I will get a Switch 2 for Pokémon and no handheld gaming PC on Earth can stop me

A slew of superb handheld gaming PCs have wrestled me away from using my Nintendo Switch in recent years. I appreciate the happy-go-lucky Nintendo console and its ability to continue to function relatively well with ancient hardware, but my Steam library is calling to me. There’s only room in my backpack for one handheld machine and that’s taken up by the Ayaneo Flip DS. Though I could be convinced to swap it out for something new…

The Switch 2 has just been announced in a trailer sneakily dropped on Nintendo’s YouTube channel. In which, Nintendo gently takes us through the design of its new handheld. It’s not surprising in any way: a slab of screen onto which two controllers now click into place. There’s a couple of USB Type-C ports, a rear stand, the usual array of buttons, and the new controllers come in a peachy red and blue.

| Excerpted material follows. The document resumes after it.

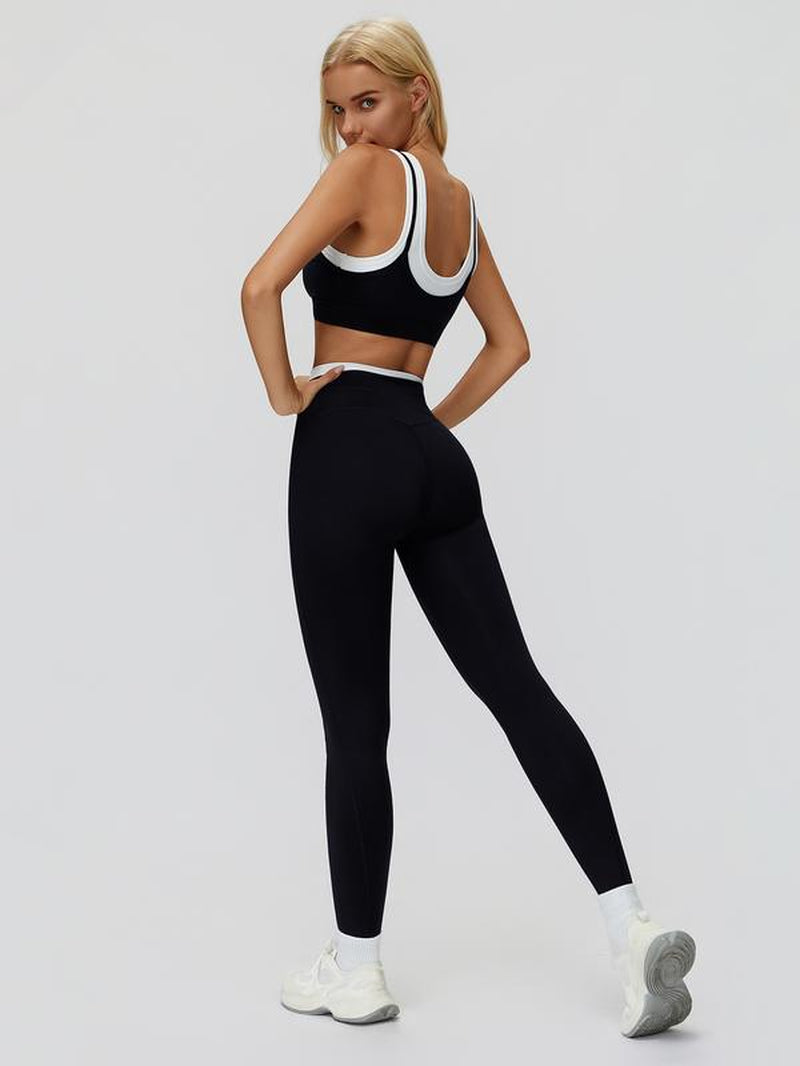 Women'S Two-Piece Colorblock Yoga Set, High-Waisted Ribbed Casual Fitness Sportswear, Versatile for Gym Workout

More like the Switch we know and love except more grown-up. The rough edges have been smoothed out into gentle curves, the colour accents are few, and generally it looks more like a handheld gaming PC than any console. Though you could argue most handheld gaming PCs look like the Switch—it’s a classic chicken and egg situation. Though the Switch 2 seemingly offers Joy-cons that turn into mice-looking devices? The Legion Go does that, too.

The Switch may end up more like a PC in other ways, should it actually use a more modern Nvidia GPU architecture (perhaps Ampere) and come with some sort of upscaling tech.

With a shape that’s not too dissimilar from the usual parade of handheld gaming PCs, of which there are many, the question of whether a PC gamer will be interested in buying one gets a little more interesting.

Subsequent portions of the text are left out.